Last week I watched so much financial TV that my head came close to exploding. The message, repeated ad nauseum, was that it's time to buy because things are so cheap and the recession must be close to over. Okay. If you think so. But let me give you a few things to think about before you bet your entire retirement account on black.
Yes, the last two recessions have lasted about 8 months. And yes, we're already 12 months into this little piece of recessional happiness. So, that means we're almost done, right? Nope. Why not? Keep reading.
Most recessions come from inventory build-ups. Think back to the year 2000. What tanked technology? All the parts everyone needed to build out the internet were in short supply, so everyone double/triple/quadruple ordered. And then the factories were actually able to deliver what had been ordered... and those who had ordered only needed a fraction of the stuff the other companies were trying to deliver to them. In other words lots of inventory, few corporate buyers. This usual scenario then leads to companies cutting jobs because they have to make less stuff. At this point, the consumer starts feeling the pain and cutting back... and we're almost out of the woods.
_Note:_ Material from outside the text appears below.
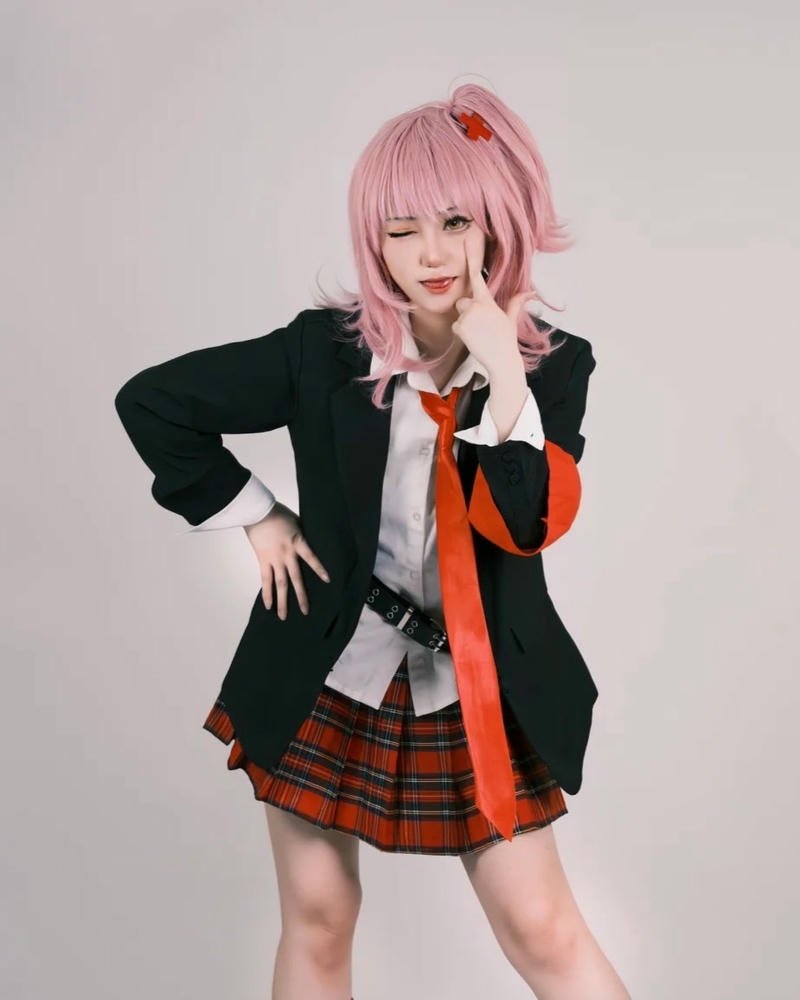 Cosplay học sinh tóc hồng đồng phục đen đỏ đứng thẳng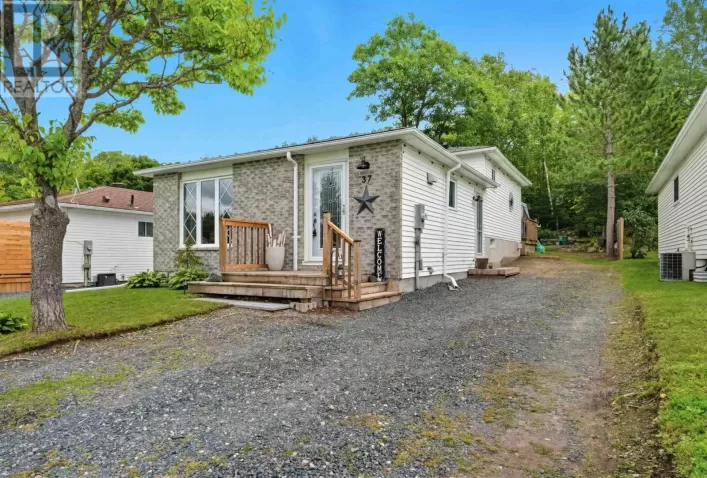 37 McLaren CRES, Elliot Lake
This time it's different. Really. It is. Let's look at this recession. Corporate inventory levels haven't been an issue, at least until recently. We got here differently this time. This time what fell apart first? Homes. Who owns homes? Consumers. So, instead of starting with industry and then having the issues filter through to the consumers at the end, we're leading with the consumer.
Let's review what Joe and Jane Consumer have had to deal with over the past couple of years:
- Their home has lost at least 15% of it's value... but more likely somewhere between 25-50% of it's value.
- Their retirement accounts have lost 40% or more of their value.
- The company holding their home equity loan has put the kibosh on further withdrawals.
- Their credit card companies have cut their credit limits and/or raised their interest rates... unless the darn things just got canceled outright.
- Gas and food prices went up astronomically. I'll give you that gas prices are now down at 5 year lows, but with their balance sheets evaporated and their credit essentially maxed out, low gas prices are nice but not enough to make much of a difference at all for the majority of U.S. consumers.
- Oh yeah, and then there was the (un)employment report last Friday. Worst in 30-some-odd years. Sure, employment is a lagging indicator. But it's still falling. And more companies are laying people off.
So, while Black Friday sales were up nicely and Cyber Monday sales were up even better, my interviews with consumers ... and my common sense... tell me that they're buying on deep deep sales when they buy. Holiday sales (oh, heck, can we just call if Christmas please?) are probably going to fall this year. Fall. That's not good. And it will have ripple effects throughout the economy.
Hmmm. Then there's the problems in Detroit. And the still-mostly-frozen credit markets. I'm not very political. But I've been impressed by what Mr. Obama has been putting in place for the future... and by his pragmatic approach to this whole mess. But I have a very strong feeling that around March or so everyone is going to figure out that he doesn't have a magic wand, he can't make it all better quickly... and this market is going to take another dive for the floor.
Remember, stocks are only cheap on a Price/Earnings basis if you know what the earnings are going to be. Forward P/Es are based on someone's best guess of the future. But if that future isn't getting better, it's getting worse, are you really sure about that valuation?
Enjoy this Santa Claus rally. Play it if you want. But don't stay too long at the party, 'cause despite the hair of the dog that everyone seems to think is yummy right now, the hangover isn't anywhere near done.